EXERCISE OBJECTIVE –
Could you copy word for word only the lines between the one containing "FootJoy FJ Golf" and the end of the listing below, both included, and leave out the pictures?

INPUT DATA –
———

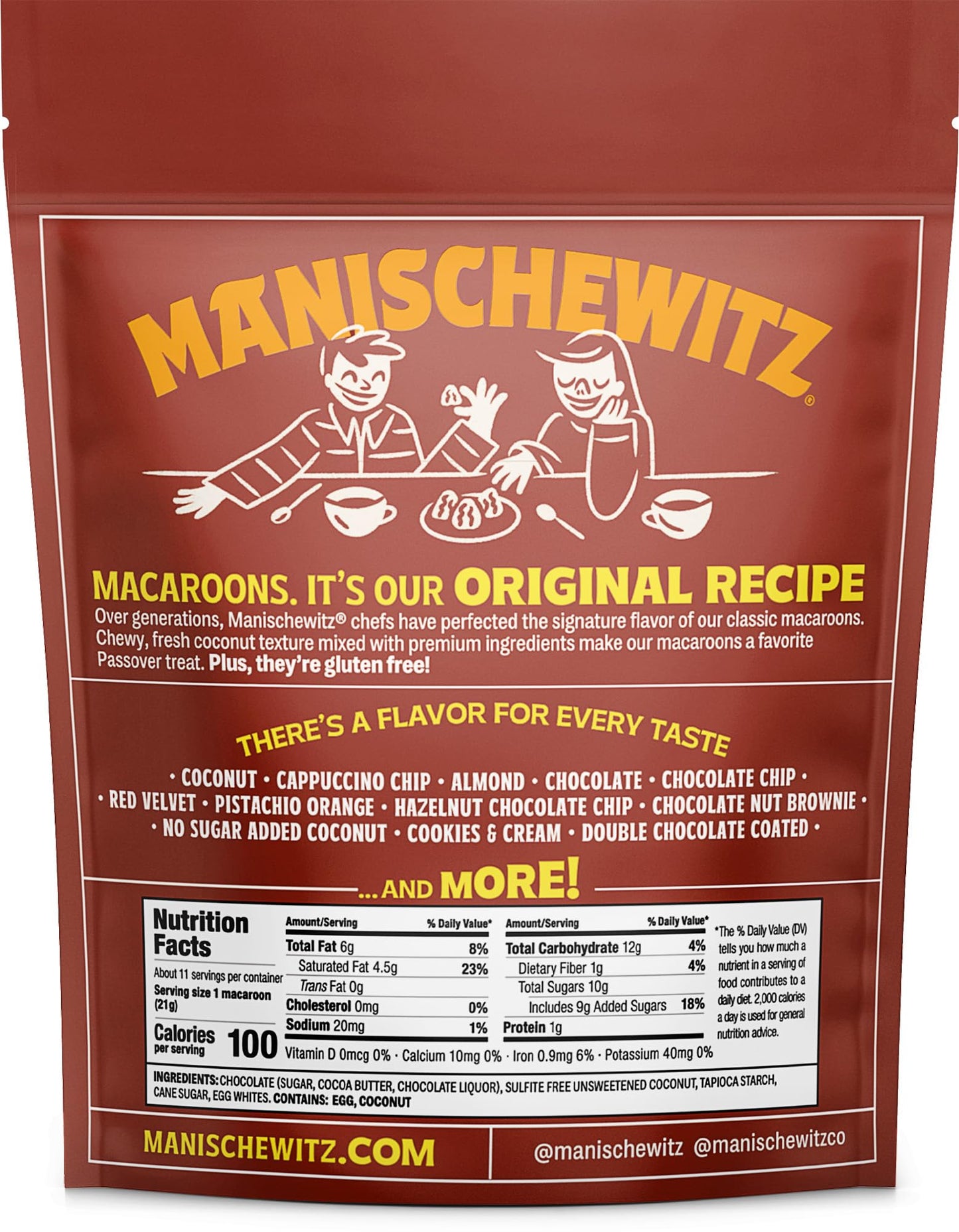 Manischewitz Cookies N' Cream Macaroons, 10Oz (2 Pack) | Coconut Macaroons | Resealable Bag | Dairy Free | Gluten Free Coconut C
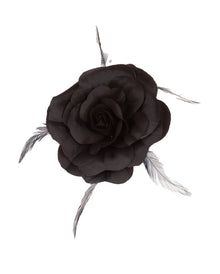 Rosa Negra Con Pinza De Pelo Y Corbata De Pelo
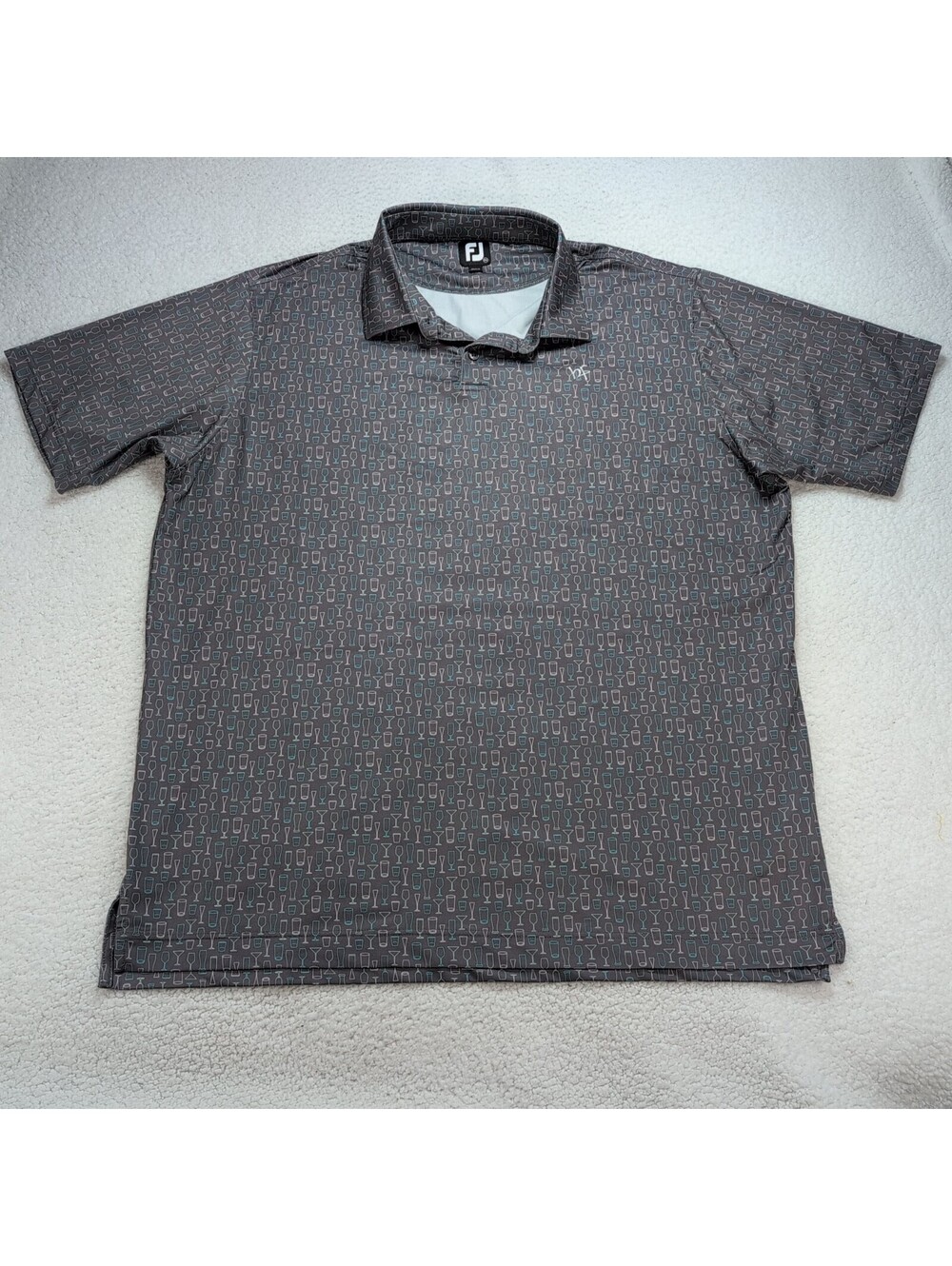 FootJoy FJ Golf Polo Shirt Men’s 2XL Gray Cocktail Drink Glass Print Stretch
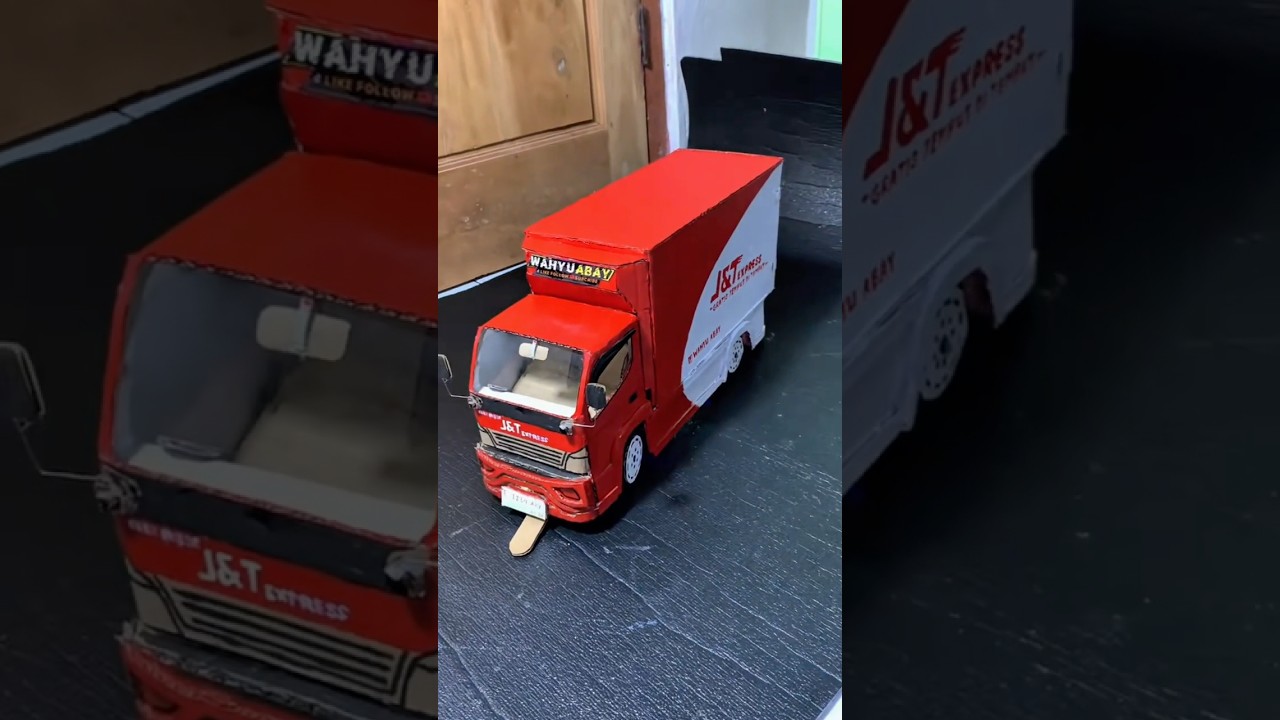 Diy creative miniatur mobil box expedisi dari kardus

———

REPLY TO THE EXERCISE –
 FootJoy FJ Golf Polo Shirt Men’s 2XL Gray Cocktail Drink Glass Print Stretch
 Diy creative miniatur mobil box expedisi dari kardus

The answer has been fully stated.